この本は「高校生のための批評入門」。高校の現代文の副読本として配られて、授業では一回も使われなかった本。アンソロジー形式なので、なんとなく読むのにちょうどよかった。
その頃犬の散歩の時に持ち出して、家の近くの公園のおきまりのベンチまで来ると、犬をつなぎ、ベンチに座って読んだ。この本と同じシリーズ「高校生のための文章読本」2冊を代わる代わる読んだ。いつの間にかこの本はお気に入りになって、それぞれ4、5ページくらいの短い文章なので結果繰り返し繰り返し読んだ。
今読んでも面白い。少しラインナップが時代ではあるけれど、今でも何度でも読めると思う。
実は高校2年の長女にあげようと買った本だった。「これどう?」と見せると、「何。
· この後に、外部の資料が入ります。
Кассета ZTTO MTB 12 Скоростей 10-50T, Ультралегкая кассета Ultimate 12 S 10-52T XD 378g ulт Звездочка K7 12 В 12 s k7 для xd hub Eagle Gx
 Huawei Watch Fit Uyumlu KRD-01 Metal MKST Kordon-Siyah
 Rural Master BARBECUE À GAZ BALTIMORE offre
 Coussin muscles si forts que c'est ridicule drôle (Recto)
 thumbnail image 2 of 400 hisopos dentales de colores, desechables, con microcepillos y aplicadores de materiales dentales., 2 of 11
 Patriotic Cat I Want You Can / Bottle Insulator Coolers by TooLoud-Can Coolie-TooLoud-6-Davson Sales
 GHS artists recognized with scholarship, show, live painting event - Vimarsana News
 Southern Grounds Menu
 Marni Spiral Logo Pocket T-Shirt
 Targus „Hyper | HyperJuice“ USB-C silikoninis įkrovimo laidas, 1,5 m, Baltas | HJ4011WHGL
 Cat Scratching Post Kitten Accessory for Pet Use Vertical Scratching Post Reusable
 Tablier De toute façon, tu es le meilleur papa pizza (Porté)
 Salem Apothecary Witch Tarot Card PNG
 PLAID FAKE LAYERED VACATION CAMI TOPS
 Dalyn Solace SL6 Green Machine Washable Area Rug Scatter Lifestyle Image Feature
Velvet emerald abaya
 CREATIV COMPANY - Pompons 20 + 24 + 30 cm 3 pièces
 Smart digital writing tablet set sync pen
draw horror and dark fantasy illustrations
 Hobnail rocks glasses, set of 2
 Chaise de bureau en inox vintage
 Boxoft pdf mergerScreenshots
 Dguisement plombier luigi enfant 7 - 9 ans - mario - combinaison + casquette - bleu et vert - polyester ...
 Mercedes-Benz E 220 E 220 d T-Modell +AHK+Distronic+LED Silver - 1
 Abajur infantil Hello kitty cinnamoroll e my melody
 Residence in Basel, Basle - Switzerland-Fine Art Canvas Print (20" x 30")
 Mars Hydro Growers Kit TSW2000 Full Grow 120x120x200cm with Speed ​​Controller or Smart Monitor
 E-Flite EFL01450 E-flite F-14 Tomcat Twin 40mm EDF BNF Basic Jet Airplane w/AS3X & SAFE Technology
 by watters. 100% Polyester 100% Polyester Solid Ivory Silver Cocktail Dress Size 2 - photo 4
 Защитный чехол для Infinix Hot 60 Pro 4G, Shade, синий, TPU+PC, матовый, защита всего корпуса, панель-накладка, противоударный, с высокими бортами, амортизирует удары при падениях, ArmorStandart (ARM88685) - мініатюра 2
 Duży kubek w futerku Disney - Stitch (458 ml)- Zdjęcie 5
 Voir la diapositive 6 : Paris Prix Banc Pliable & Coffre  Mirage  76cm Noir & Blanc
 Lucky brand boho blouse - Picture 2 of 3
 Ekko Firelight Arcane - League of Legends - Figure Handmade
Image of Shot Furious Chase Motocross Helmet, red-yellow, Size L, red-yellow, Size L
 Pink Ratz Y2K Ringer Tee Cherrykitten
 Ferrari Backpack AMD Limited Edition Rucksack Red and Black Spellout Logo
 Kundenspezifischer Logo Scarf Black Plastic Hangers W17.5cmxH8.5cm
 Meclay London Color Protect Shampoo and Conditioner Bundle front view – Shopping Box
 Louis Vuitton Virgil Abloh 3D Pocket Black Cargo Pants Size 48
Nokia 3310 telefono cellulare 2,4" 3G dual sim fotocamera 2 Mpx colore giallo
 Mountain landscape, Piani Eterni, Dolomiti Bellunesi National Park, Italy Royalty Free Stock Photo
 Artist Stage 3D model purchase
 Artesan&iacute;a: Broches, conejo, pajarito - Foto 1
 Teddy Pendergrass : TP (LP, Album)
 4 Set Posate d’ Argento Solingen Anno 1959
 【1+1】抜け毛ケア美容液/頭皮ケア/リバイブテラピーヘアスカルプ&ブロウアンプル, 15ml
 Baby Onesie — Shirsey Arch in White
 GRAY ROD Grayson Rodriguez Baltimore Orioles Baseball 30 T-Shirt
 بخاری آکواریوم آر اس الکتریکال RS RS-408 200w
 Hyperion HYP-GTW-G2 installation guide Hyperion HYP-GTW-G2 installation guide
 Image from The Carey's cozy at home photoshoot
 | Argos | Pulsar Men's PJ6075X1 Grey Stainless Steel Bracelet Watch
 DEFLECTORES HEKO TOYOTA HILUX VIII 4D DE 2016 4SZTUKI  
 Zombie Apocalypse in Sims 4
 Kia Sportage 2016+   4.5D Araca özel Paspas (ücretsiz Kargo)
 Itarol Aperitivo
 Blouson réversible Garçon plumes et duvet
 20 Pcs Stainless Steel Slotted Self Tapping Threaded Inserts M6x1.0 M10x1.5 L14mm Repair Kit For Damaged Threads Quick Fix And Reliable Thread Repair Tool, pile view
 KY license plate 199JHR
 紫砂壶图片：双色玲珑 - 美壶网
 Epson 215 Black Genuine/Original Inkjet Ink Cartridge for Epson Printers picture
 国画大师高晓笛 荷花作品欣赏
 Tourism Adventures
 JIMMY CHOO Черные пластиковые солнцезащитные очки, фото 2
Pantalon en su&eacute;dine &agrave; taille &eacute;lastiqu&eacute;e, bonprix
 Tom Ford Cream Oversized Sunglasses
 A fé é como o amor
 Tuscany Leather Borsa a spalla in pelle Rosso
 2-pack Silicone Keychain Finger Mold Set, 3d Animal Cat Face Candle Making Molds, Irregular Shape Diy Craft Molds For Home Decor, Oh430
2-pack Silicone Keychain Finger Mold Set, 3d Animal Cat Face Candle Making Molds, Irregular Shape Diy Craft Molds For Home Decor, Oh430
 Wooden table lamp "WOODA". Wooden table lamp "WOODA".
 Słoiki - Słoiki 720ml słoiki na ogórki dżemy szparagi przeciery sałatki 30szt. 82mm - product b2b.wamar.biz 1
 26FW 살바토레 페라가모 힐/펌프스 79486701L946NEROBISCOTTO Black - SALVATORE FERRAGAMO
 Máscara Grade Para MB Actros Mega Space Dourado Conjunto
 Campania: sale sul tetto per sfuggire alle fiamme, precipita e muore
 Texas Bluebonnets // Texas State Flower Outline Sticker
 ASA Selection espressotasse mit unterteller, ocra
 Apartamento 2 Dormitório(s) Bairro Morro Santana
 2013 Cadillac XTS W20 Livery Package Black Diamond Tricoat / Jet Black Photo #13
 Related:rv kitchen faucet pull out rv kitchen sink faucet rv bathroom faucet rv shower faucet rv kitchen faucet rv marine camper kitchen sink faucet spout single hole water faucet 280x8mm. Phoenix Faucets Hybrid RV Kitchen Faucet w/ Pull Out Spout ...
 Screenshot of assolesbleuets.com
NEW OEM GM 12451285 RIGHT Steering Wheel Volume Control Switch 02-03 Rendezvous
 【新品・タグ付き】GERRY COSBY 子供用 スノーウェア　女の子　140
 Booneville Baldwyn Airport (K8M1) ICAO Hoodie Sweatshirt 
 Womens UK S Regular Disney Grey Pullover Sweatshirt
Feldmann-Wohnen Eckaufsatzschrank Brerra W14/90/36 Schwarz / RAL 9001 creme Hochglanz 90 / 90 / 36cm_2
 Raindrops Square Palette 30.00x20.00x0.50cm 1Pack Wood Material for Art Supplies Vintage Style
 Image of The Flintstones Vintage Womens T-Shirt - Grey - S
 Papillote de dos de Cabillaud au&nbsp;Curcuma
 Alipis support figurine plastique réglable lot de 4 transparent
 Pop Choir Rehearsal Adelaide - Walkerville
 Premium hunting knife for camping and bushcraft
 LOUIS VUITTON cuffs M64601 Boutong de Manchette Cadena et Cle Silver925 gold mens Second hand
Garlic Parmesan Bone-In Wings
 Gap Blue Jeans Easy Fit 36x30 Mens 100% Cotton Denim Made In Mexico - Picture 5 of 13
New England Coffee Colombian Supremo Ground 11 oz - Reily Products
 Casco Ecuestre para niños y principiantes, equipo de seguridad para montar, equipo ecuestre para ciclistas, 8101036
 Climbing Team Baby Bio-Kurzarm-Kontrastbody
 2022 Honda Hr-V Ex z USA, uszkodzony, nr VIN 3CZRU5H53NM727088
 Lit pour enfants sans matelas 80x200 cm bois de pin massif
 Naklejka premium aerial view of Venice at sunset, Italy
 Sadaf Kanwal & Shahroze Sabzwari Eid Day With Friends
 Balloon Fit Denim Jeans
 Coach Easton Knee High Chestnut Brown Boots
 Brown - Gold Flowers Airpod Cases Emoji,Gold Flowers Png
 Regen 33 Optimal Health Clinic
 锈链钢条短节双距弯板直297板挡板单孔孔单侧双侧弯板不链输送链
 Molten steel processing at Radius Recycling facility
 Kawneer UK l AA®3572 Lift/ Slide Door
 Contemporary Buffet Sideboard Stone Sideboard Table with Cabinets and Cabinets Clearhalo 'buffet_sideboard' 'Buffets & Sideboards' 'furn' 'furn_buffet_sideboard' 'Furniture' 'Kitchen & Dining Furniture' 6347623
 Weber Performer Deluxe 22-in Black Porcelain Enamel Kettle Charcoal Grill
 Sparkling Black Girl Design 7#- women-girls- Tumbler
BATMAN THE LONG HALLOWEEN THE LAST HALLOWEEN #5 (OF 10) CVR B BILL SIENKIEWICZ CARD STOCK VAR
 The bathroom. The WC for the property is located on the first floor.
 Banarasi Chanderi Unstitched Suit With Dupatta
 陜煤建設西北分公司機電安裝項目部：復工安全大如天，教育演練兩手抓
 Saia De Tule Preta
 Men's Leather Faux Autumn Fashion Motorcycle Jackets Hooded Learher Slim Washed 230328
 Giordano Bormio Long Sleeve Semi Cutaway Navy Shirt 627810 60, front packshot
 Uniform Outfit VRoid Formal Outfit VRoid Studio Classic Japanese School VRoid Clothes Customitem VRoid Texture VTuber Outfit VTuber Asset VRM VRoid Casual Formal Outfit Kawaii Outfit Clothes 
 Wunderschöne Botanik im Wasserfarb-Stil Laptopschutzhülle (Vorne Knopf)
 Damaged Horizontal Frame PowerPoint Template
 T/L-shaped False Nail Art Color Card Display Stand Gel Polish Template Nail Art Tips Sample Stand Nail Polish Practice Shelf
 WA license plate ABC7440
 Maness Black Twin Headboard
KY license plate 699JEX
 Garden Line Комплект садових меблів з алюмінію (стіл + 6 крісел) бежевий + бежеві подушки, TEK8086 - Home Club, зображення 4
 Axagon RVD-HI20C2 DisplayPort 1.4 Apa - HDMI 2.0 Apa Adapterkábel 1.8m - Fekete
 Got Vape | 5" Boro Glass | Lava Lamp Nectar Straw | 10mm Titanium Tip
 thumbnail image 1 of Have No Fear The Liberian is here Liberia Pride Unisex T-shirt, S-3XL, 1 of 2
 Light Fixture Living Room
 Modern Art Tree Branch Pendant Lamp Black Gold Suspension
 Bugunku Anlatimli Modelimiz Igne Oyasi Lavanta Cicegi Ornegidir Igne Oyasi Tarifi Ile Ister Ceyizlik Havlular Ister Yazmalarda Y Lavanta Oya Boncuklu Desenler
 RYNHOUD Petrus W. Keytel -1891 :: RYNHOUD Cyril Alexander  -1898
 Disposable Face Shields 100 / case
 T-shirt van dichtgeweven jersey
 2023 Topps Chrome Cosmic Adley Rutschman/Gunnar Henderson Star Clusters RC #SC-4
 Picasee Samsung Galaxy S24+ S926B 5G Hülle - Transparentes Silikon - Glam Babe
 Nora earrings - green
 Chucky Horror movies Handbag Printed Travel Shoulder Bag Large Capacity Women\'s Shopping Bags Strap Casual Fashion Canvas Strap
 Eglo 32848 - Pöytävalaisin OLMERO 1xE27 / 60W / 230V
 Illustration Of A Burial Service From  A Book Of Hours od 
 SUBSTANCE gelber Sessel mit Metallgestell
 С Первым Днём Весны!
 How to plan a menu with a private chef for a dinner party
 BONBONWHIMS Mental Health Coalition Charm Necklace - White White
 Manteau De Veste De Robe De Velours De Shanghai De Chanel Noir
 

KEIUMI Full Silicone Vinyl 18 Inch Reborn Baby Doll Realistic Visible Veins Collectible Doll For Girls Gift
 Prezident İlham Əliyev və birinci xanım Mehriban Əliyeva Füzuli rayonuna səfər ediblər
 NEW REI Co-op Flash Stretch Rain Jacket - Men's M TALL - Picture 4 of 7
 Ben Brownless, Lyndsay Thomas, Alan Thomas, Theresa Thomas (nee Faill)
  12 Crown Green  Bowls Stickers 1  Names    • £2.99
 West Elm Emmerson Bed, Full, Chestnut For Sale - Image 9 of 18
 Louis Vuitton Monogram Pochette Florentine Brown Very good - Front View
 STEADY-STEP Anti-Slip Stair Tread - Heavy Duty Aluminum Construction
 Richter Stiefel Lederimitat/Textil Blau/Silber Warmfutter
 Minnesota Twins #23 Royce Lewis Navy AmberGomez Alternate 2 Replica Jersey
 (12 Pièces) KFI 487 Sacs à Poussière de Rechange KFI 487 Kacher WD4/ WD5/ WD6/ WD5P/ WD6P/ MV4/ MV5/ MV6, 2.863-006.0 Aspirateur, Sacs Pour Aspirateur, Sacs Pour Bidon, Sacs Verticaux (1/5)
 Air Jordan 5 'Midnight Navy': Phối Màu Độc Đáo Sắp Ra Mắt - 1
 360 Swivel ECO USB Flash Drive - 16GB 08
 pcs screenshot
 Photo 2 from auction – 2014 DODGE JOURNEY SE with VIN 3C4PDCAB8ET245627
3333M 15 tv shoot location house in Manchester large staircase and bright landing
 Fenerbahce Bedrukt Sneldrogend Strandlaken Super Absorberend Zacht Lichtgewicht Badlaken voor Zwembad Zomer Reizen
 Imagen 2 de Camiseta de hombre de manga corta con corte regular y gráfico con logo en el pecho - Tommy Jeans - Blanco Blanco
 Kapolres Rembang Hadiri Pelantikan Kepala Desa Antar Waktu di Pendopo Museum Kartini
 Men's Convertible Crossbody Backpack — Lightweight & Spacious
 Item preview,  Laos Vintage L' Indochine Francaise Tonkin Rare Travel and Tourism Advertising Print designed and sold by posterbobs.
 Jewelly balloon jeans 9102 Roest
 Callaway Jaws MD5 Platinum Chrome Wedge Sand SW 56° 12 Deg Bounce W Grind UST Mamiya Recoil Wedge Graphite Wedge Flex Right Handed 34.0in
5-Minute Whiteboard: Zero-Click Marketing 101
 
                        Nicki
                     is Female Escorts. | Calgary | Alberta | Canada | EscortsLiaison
なんなの」と少し睨まれたので、無理に推さず、また自分の元に置いた。
今日、畑の後に犬を連れてお決まりの川に行き、工事現場の土管に座って読んで見た。
「隠喩としての病」、ソンタグ。「貧困の現代化」、イリッチ。「内臓とこころ」、三木茂夫。「手が考えて作る」、秋岡芳夫。今も何度読んでもいい。
犬の散歩に持っていき、同じ本を読んでいる。
期せず30年経っても、全く同じ行動をする。不思議な気持ちになる。まるで自分の隣にもう一人の自分がいるような。あの頃の自分の隣に今の自分がいたような、不思議な気持ち。